◆ Assignment:
In the entries below, find the line with "2015 Nissan Altima" and the line with "Veya 12 Light"; give again those lines and every line between them, exactly.

++++++

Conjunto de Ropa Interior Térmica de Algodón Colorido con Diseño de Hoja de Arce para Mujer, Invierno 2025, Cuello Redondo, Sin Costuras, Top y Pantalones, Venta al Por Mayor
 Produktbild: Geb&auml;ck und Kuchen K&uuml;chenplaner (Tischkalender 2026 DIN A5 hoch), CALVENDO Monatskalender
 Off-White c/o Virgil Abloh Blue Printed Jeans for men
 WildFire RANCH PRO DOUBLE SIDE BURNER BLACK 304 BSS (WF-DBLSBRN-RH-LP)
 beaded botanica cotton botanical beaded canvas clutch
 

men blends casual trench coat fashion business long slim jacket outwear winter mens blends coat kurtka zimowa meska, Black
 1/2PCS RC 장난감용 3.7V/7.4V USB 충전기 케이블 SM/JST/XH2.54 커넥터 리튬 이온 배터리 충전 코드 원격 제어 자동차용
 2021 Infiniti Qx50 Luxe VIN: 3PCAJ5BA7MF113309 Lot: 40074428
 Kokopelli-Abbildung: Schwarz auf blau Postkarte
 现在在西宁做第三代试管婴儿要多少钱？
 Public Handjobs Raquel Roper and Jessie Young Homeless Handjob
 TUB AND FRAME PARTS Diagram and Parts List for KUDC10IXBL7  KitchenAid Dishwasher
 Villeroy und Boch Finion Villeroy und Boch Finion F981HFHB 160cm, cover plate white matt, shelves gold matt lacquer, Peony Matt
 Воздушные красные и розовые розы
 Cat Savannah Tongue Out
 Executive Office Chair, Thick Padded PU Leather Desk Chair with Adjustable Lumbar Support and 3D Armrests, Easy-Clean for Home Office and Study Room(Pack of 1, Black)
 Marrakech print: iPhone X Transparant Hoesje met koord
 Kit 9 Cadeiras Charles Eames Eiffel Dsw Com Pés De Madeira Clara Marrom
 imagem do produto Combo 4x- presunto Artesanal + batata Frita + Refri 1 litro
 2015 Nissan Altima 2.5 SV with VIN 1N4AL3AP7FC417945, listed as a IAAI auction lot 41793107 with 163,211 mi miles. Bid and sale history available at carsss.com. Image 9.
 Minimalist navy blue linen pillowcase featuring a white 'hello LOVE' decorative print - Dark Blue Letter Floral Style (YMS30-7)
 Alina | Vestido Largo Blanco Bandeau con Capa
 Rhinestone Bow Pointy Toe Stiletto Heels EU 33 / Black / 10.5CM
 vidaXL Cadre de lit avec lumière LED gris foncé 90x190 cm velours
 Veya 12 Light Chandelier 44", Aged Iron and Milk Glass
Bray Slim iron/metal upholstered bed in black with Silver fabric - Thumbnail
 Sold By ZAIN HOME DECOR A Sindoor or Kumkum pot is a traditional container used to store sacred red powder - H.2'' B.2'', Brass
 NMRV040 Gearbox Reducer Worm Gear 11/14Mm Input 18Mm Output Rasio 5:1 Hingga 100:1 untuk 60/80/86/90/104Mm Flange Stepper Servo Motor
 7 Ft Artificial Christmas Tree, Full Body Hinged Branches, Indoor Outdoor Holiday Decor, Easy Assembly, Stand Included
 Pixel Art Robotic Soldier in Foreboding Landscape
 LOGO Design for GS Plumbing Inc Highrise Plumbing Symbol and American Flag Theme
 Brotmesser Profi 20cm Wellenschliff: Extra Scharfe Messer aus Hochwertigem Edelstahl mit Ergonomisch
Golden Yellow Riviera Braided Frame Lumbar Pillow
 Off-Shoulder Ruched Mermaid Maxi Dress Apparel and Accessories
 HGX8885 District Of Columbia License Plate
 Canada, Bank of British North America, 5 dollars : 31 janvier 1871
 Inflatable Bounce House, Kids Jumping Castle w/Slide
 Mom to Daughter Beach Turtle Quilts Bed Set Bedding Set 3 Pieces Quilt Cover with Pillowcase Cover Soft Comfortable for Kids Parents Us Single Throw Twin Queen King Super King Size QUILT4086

++++++

◆ Exercise response:
 2015 Nissan Altima 2.5 SV with VIN 1N4AL3AP7FC417945, listed as a IAAI auction lot 41793107 with 163,211 mi miles. Bid and sale history available at carsss.com. Image 9.
 Minimalist navy blue linen pillowcase featuring a white 'hello LOVE' decorative print - Dark Blue Letter Floral Style (YMS30-7)
 Alina | Vestido Largo Blanco Bandeau con Capa
 Rhinestone Bow Pointy Toe Stiletto Heels EU 33 / Black / 10.5CM
 vidaXL Cadre de lit avec lumière LED gris foncé 90x190 cm velours
 Veya 12 Light Chandelier 44", Aged Iron and Milk Glass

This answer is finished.